Community Empowerment Discussed for Dealing with Climate Change

The mayor, two council members and a planning commissioner showed up at a Feb. 27 night meeting in Santa Barbara along with about 50 South Coast residents to discuss how to deal with carbon emissions and natural disasters one neighborhood at a time. 

David Gershon, co-founder and CEO of Empowerment Institute, talked to the crowd at the Impact Hub Chapala Center and held a brief workshop. His topic was “Empowering Climate Change Movements One Block at a Time.” 

Gershon is creator of “The Cool Block and Cool California Initiative,” which has been praised by Gov. Gavin Newsom as an effective way to deal with climate change. 

“Seventy percent of carbon emissions comes from cities,” Gershon said.

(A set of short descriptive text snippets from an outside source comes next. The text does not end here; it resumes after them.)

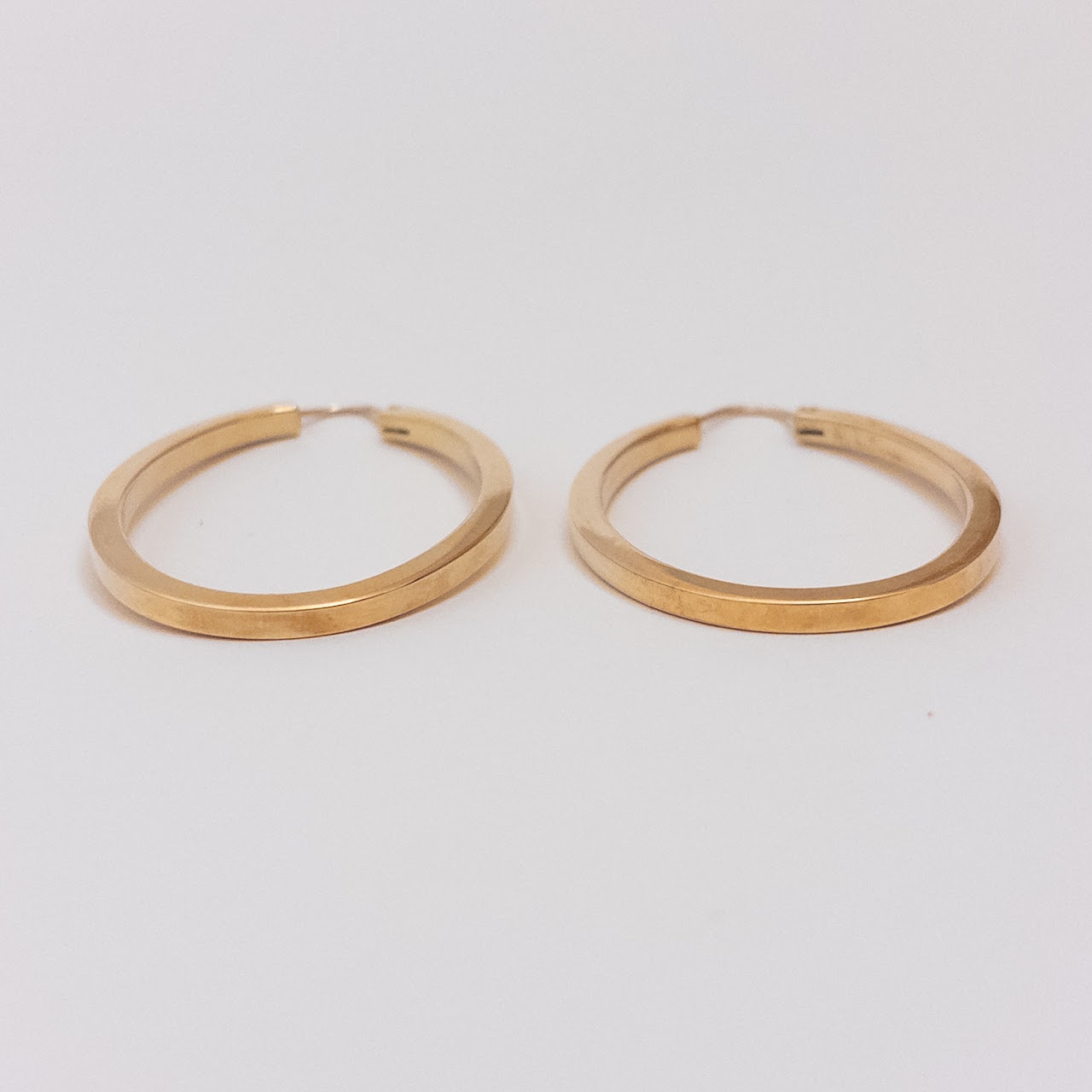 18K Gold Oval Hoop Earrings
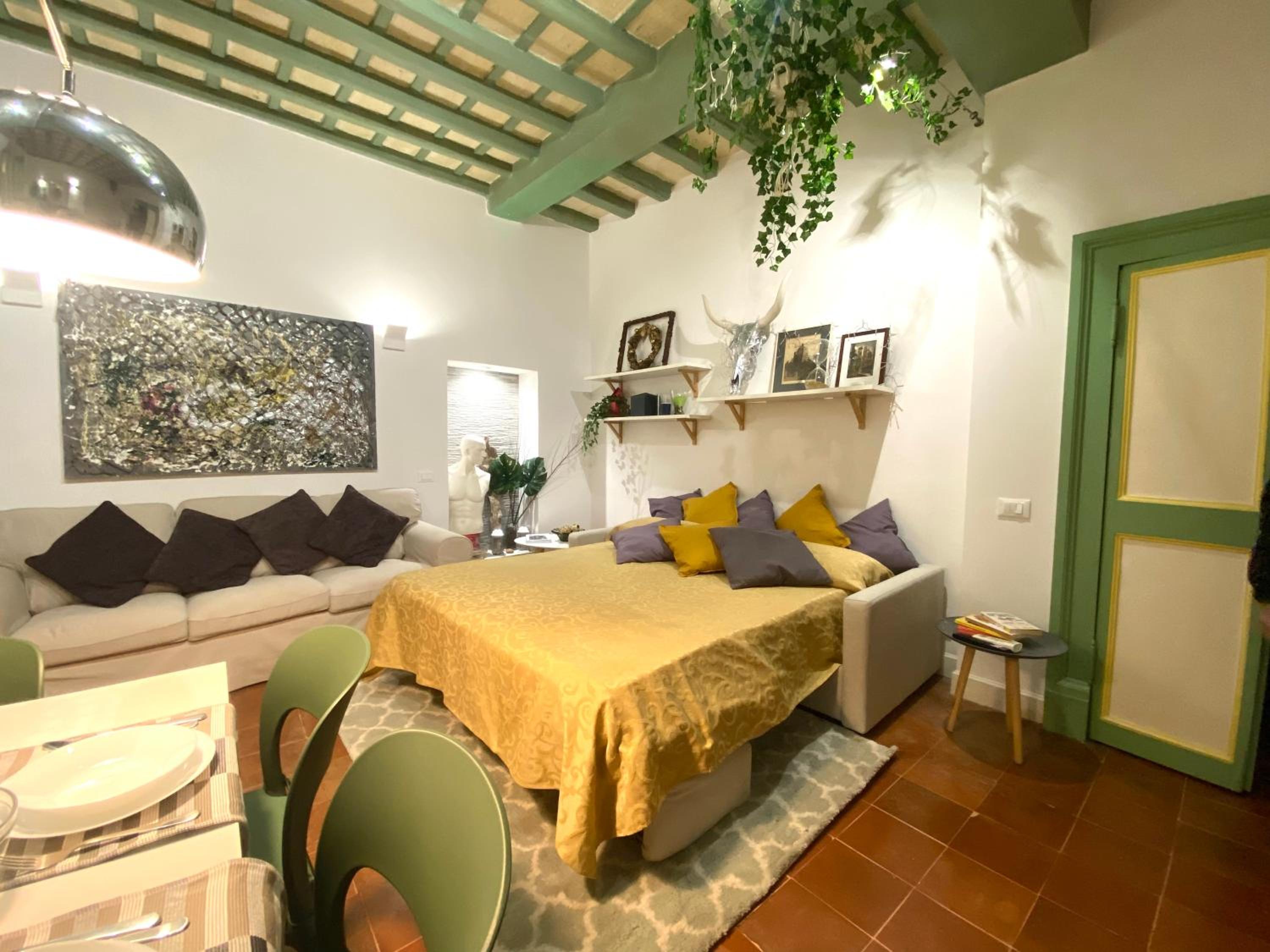 Deluxe Apartment
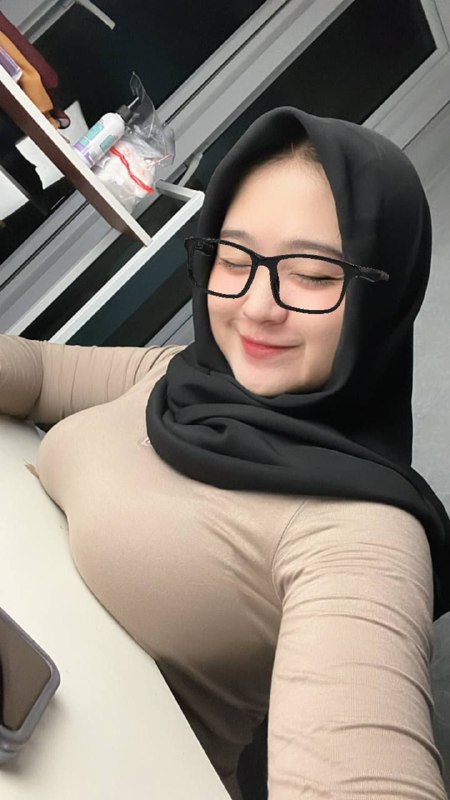 Mom Biti Eksklusif Hijab MOM Tobrut!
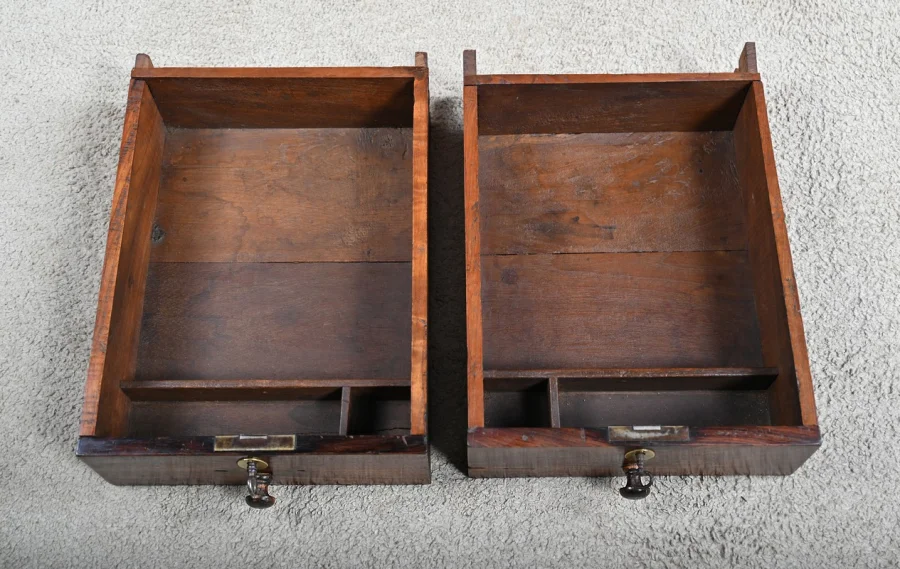 INDISCHES GEWÜRZSCHRANK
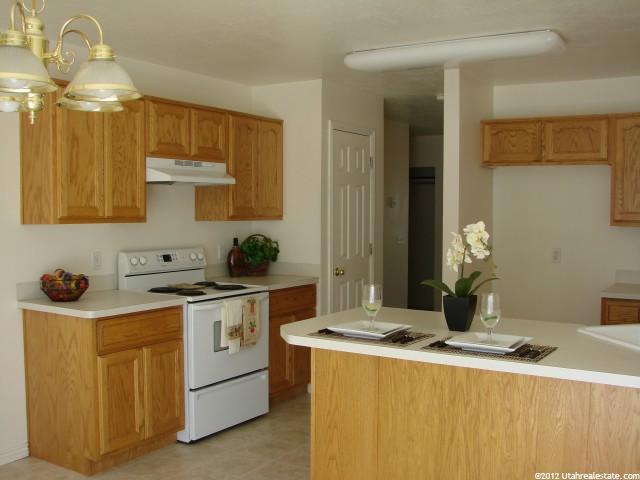 41 W 1850 N #47, Layton, UT 84041 — photo 6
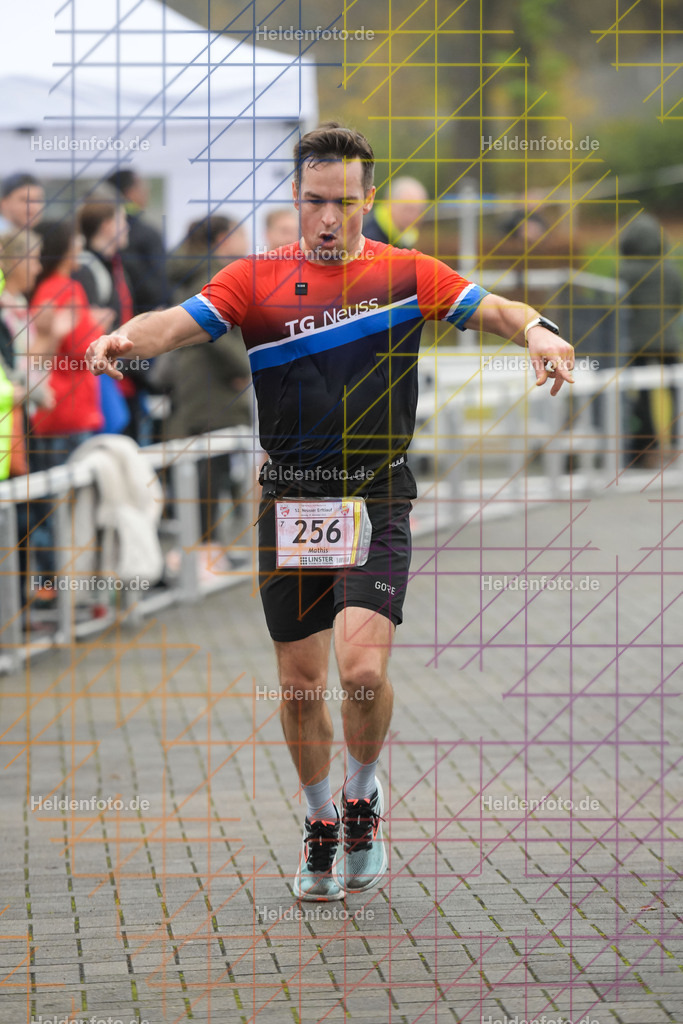 Neusser Erftlauf 2025  | 15km Neusser Erftlauf 2025 Foto: Heldenfoto.de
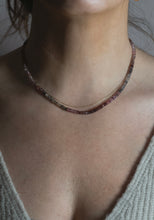 Lade das Bild in den Galerie-Viewer, Aurora Gemstone Necklace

So, that makes cities like Santa Barbara part of the problem and the solution is to change current behavior, he said. 

Gershon said the Cool Block Initiative is under way in neighborhoods San Francisco, Palo Alto and Los Angeles. Global Impact Good founder Robin Elander is starting the movement in Santa Barbara. 

Aside from just getting to know neighbors better, the movement can help neighborhood to have an emergency disaster plan or even start a community garden, which would cut carbon emission since residents won’t have to drive so far to get produce. 

Gershon said the idea is to distribute local leadership. He suggested getting technical help from U C Santa Barbara, working with the local chambers of commerce and nonprofits as well as developing teams to deal with such subjects as finance, policy and synergy. 

He said $10 million in prizes could be awarded to various communities for their climate change efforts. Santa Barbara and Montecito are committed to reducing carbon emissions by 2020, he said. 

Santa Barbara Councilwoman Kristen, who introduced Gershon, also has been involved in the local empowerment movement. Councilman Oscar Gutierrez also spoke briefly at the meeting. 

Mayor Cathy Murillo told the crowd the is discussing moving toward using all renewable energy 2030. Planning Commissioner John Campanella also attended the session.